What to work on:
The line containing "Tommy Hilfiger Căciulă" marks the start of the required copy, which runs to the final line of the entries; return those lines exactly, without any pictures.

Data extract:

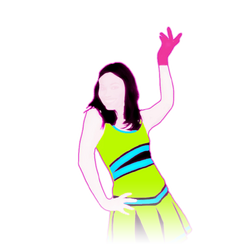 Baby One More Time Just Dance Wiki Fandom Baby One More Time Just Dance Wiki Fandom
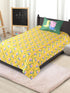Yellow / 60x90 Inch
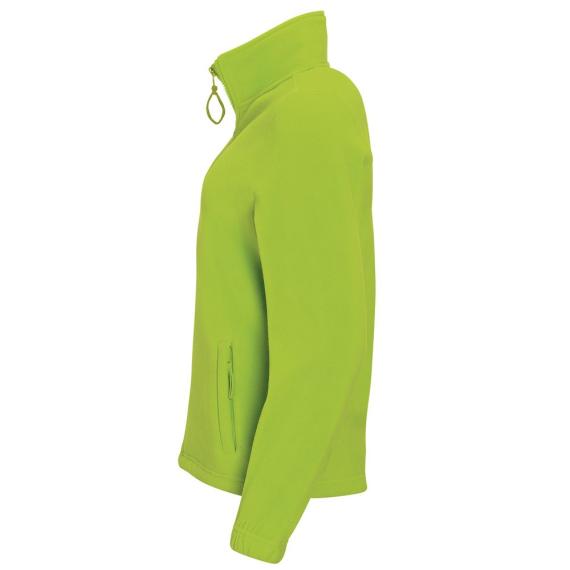 Куртка женская Notrth Women, зеленый лайм, размер M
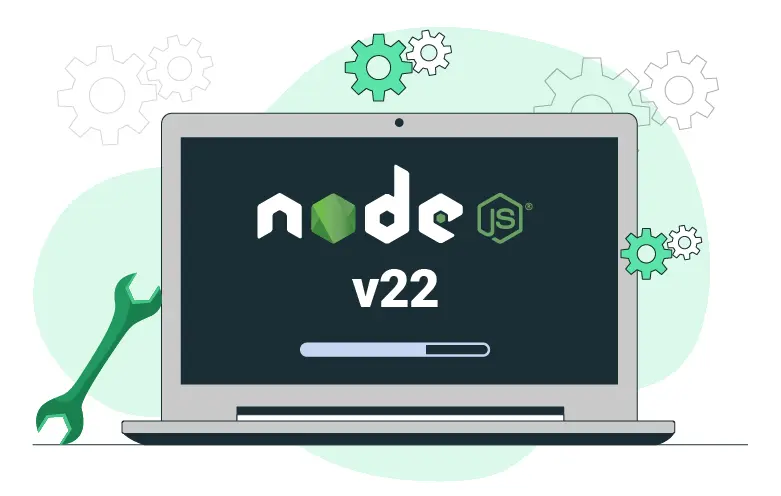 Node.js Support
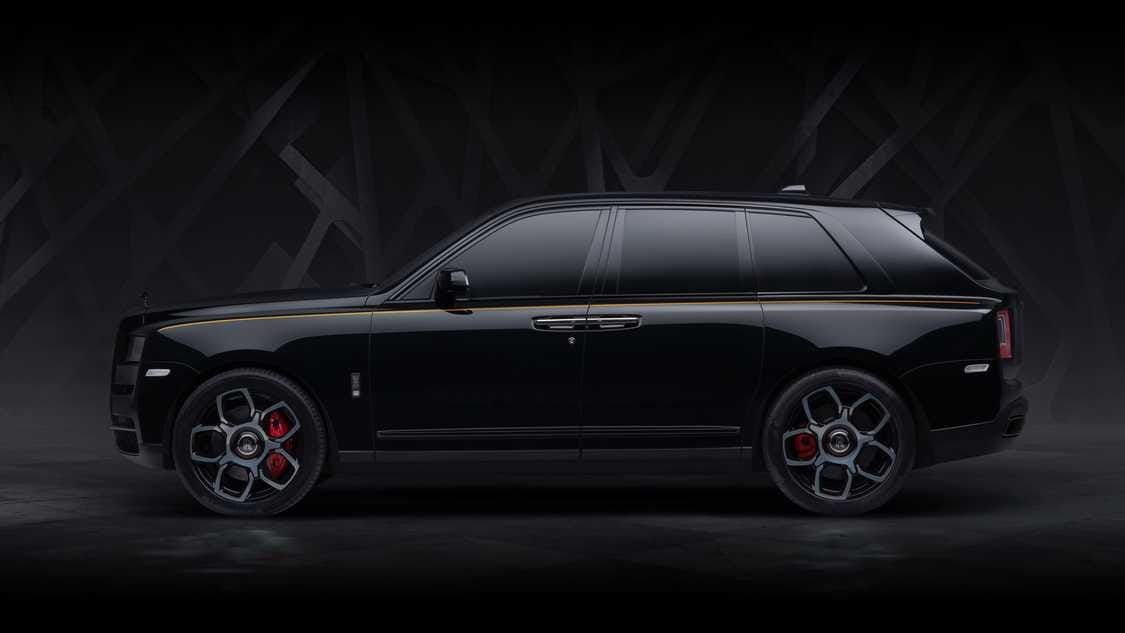 Rolls-Royce Cullinan Black Badge launched in India at Rs 8.20 crore, know the top 5 features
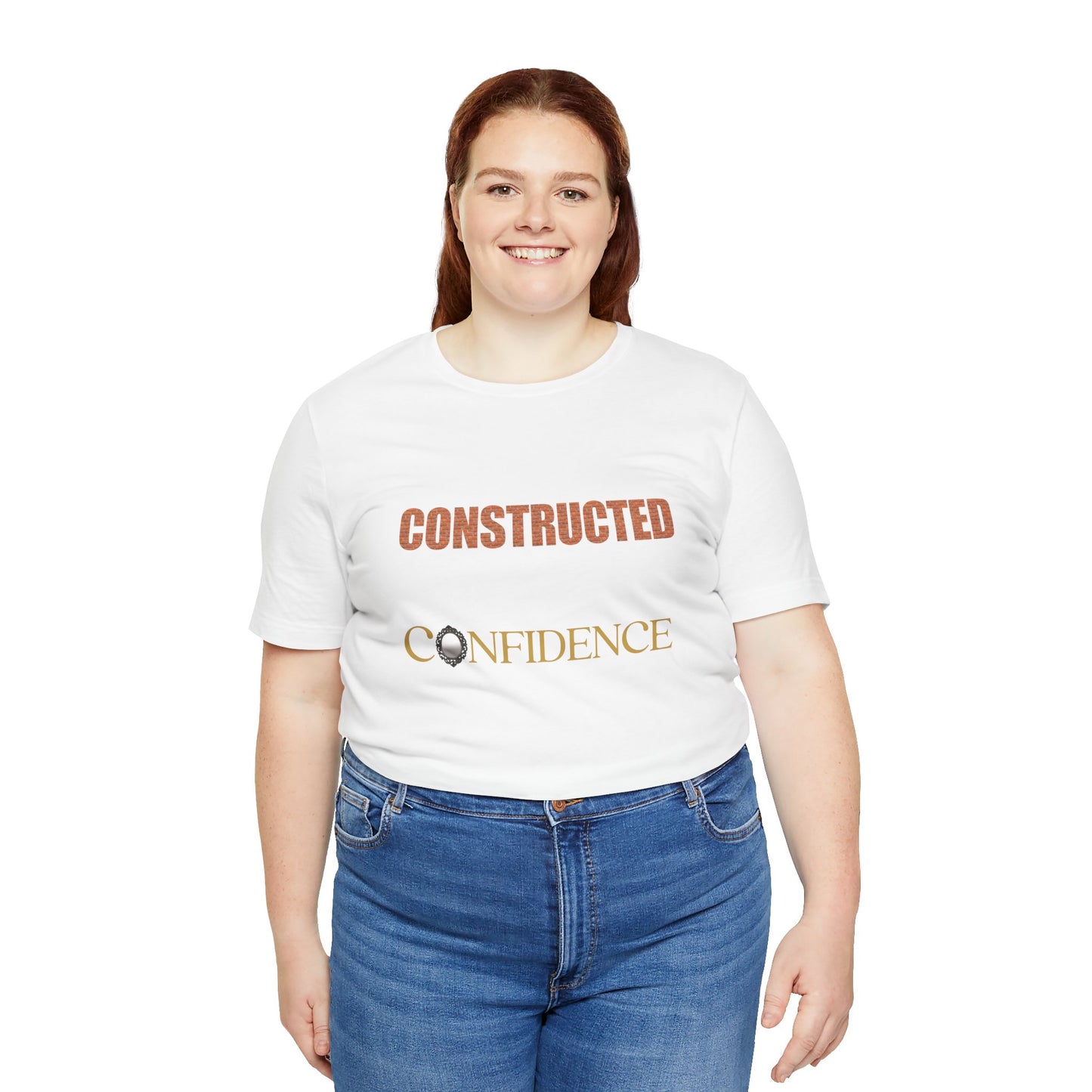 Constructed with confidence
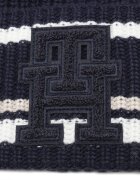 Tommy Hilfiger Căciulă cu adaos de lână și cașmir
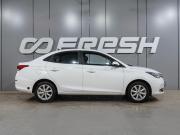 Changan Alsvin Воронеж  - изображение 23
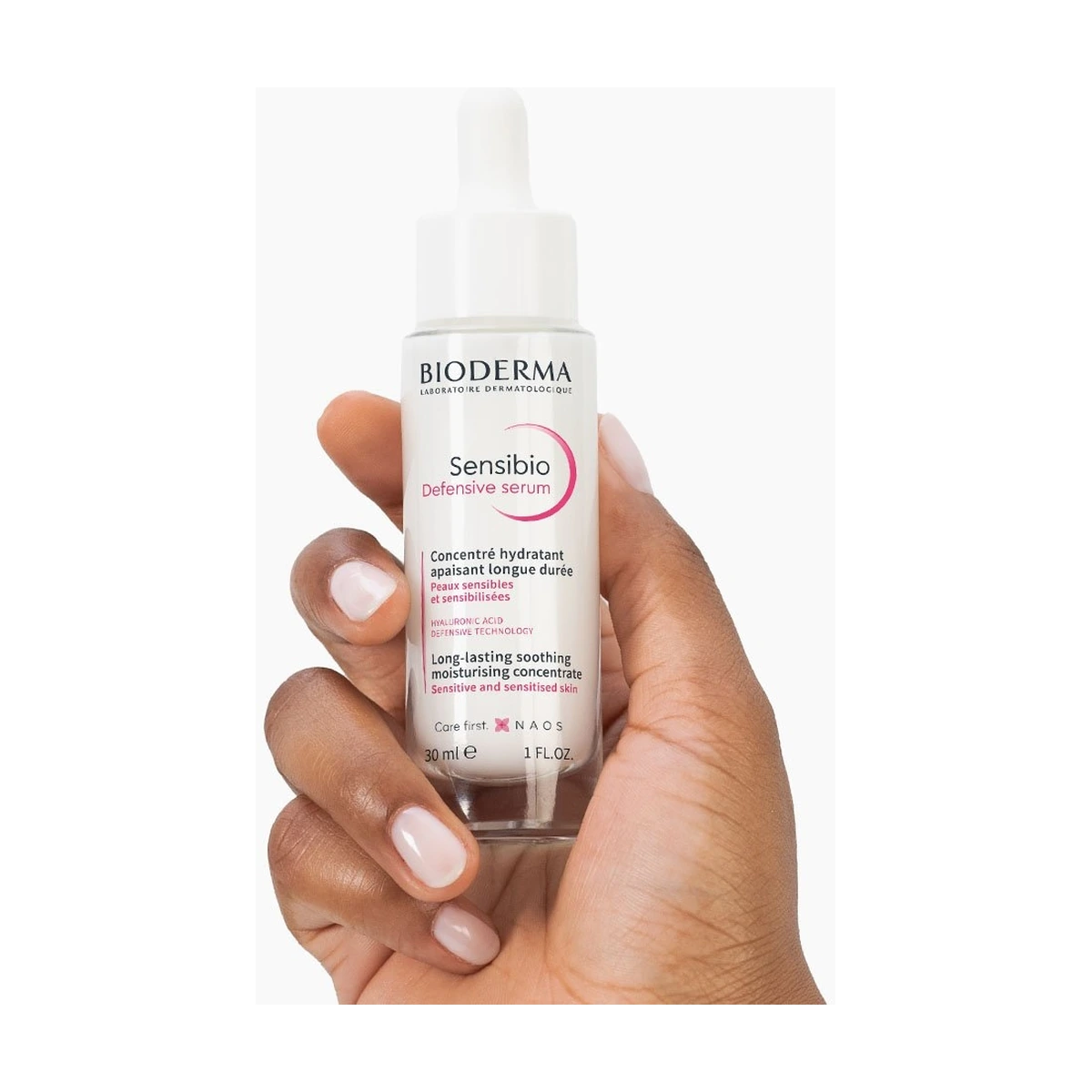 Sensibio Defensive Serum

Response area:
 Tommy Hilfiger Căciulă cu adaos de lână și cașmir
 Changan Alsvin Воронеж  - изображение 23
 Sensibio Defensive Serum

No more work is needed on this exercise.